#### Aim of the exercise:
For the data below, give again exactly the lines from the one containing "Over The Toilet" through the one containing "Linen Fabric Art", both ends included, and no others.

#### Records excerpted from a collection:
----
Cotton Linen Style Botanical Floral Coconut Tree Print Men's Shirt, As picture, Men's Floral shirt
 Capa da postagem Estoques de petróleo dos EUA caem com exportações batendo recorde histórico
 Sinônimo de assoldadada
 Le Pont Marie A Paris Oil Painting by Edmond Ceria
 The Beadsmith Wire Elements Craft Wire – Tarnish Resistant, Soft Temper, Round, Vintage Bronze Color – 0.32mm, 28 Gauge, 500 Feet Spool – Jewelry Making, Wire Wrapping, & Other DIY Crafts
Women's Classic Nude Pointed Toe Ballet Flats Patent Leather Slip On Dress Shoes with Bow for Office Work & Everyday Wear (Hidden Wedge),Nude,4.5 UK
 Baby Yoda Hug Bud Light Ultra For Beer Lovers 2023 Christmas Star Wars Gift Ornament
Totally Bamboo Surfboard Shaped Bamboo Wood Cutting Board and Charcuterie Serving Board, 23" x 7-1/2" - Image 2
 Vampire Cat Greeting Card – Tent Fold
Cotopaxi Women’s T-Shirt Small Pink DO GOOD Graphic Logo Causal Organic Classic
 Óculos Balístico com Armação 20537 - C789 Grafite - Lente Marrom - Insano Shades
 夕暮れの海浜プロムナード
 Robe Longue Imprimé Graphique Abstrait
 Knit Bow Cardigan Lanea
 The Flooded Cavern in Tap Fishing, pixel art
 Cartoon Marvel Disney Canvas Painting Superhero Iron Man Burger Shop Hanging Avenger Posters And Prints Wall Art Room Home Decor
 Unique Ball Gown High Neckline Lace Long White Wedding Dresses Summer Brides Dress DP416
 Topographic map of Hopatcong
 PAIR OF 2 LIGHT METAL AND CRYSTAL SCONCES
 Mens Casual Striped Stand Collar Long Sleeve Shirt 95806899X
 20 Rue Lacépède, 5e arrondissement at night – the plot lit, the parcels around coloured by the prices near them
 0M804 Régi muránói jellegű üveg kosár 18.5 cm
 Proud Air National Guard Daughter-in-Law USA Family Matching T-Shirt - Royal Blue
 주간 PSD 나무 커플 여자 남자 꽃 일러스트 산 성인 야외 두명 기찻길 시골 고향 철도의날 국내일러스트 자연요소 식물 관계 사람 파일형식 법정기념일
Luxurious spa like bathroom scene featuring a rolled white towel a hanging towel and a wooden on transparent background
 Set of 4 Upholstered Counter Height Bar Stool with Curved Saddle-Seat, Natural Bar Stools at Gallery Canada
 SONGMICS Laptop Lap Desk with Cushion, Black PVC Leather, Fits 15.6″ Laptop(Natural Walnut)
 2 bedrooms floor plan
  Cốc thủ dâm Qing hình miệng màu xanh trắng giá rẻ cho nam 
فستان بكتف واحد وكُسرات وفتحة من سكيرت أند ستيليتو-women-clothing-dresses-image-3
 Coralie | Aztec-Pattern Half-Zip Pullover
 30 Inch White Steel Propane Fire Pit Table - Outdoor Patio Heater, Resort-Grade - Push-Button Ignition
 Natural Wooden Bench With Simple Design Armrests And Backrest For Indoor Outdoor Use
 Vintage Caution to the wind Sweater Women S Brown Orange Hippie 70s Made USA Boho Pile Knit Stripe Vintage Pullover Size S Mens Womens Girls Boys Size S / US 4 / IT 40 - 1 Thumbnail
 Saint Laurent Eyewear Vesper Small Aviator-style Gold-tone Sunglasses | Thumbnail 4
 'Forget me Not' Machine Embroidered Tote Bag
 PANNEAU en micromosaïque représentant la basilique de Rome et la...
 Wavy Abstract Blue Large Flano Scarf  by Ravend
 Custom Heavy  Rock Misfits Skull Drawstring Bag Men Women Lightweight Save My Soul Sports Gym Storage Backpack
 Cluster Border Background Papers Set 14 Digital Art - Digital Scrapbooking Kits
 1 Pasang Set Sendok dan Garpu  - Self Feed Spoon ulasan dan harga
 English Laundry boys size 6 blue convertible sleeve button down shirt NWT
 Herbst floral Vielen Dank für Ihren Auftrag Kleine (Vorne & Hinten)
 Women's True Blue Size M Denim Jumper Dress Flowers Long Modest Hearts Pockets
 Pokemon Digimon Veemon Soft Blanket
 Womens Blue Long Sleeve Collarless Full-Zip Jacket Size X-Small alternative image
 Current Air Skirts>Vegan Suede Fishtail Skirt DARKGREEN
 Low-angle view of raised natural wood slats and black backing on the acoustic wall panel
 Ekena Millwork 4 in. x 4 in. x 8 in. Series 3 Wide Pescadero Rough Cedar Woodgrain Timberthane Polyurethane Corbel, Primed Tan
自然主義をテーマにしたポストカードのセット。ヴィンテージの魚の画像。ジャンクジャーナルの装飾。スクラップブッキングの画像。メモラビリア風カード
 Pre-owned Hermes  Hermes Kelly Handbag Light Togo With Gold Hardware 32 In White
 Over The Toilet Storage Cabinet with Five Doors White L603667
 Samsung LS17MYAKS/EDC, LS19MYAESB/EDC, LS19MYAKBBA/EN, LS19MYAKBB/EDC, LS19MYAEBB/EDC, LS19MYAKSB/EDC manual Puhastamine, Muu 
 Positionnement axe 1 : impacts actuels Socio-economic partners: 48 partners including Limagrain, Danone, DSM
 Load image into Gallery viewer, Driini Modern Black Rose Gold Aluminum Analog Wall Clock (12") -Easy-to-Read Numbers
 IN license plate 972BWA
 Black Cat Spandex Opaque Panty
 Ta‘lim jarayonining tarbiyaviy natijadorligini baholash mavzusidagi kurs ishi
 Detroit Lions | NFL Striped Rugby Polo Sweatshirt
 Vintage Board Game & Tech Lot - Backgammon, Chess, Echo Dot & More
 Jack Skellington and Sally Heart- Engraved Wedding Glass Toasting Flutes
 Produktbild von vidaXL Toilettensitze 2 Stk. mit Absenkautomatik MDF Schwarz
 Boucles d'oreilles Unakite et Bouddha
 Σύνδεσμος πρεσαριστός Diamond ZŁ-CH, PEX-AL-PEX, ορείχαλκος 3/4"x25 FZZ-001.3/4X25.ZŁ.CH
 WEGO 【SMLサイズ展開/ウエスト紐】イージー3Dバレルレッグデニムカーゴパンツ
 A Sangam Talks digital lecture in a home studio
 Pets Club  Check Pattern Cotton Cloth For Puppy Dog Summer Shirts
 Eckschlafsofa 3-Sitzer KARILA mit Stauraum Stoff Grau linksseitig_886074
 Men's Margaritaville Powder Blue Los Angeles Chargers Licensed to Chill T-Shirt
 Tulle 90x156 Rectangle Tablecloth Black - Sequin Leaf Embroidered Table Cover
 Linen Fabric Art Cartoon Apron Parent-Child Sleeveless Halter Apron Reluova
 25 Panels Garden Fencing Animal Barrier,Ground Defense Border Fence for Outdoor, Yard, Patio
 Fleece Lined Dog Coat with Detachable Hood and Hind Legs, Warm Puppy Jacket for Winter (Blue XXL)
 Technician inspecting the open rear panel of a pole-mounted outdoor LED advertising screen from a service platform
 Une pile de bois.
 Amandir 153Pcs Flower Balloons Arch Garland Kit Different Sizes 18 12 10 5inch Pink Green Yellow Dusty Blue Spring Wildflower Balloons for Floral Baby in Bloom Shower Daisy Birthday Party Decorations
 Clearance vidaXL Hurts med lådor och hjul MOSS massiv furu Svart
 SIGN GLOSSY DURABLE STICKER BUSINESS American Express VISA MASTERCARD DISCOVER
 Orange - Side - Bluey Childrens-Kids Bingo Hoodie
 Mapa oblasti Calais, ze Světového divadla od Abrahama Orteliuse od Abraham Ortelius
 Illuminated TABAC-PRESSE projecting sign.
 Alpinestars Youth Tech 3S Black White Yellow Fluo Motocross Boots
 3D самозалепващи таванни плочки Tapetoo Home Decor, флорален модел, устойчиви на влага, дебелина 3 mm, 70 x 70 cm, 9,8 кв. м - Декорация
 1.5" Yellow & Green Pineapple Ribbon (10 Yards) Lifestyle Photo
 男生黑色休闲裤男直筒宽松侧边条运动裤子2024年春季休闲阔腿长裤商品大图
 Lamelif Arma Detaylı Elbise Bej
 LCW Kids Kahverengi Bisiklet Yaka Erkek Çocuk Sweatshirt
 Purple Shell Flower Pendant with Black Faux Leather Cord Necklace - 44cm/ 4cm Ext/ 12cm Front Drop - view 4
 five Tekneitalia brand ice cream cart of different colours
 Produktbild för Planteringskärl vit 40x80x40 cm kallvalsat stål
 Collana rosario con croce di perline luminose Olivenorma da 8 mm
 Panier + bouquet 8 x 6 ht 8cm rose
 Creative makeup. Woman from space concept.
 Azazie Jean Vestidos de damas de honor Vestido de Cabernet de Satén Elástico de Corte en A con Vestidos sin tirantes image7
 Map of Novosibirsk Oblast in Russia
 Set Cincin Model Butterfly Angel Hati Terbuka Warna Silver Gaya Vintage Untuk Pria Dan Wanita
----
#### Written solution:
 Over The Toilet Storage Cabinet with Five Doors White L603667
 Samsung LS17MYAKS/EDC, LS19MYAESB/EDC, LS19MYAKBBA/EN, LS19MYAKBB/EDC, LS19MYAEBB/EDC, LS19MYAKSB/EDC manual Puhastamine, Muu 
 Positionnement axe 1 : impacts actuels Socio-economic partners: 48 partners including Limagrain, Danone, DSM
 Load image into Gallery viewer, Driini Modern Black Rose Gold Aluminum Analog Wall Clock (12") -Easy-to-Read Numbers
 IN license plate 972BWA
 Black Cat Spandex Opaque Panty
 Ta‘lim jarayonining tarbiyaviy natijadorligini baholash mavzusidagi kurs ishi
 Detroit Lions | NFL Striped Rugby Polo Sweatshirt
 Vintage Board Game & Tech Lot - Backgammon, Chess, Echo Dot & More
 Jack Skellington and Sally Heart- Engraved Wedding Glass Toasting Flutes
 Produktbild von vidaXL Toilettensitze 2 Stk. mit Absenkautomatik MDF Schwarz
 Boucles d'oreilles Unakite et Bouddha
 Σύνδεσμος πρεσαριστός Diamond ZŁ-CH, PEX-AL-PEX, ορείχαλκος 3/4"x25 FZZ-001.3/4X25.ZŁ.CH
 WEGO 【SMLサイズ展開/ウエスト紐】イージー3Dバレルレッグデニムカーゴパンツ
 A Sangam Talks digital lecture in a home studio
 Pets Club  Check Pattern Cotton Cloth For Puppy Dog Summer Shirts
 Eckschlafsofa 3-Sitzer KARILA mit Stauraum Stoff Grau linksseitig_886074
 Men's Margaritaville Powder Blue Los Angeles Chargers Licensed to Chill T-Shirt
 Tulle 90x156 Rectangle Tablecloth Black - Sequin Leaf Embroidered Table Cover
 Linen Fabric Art Cartoon Apron Parent-Child Sleeveless Halter Apron Reluova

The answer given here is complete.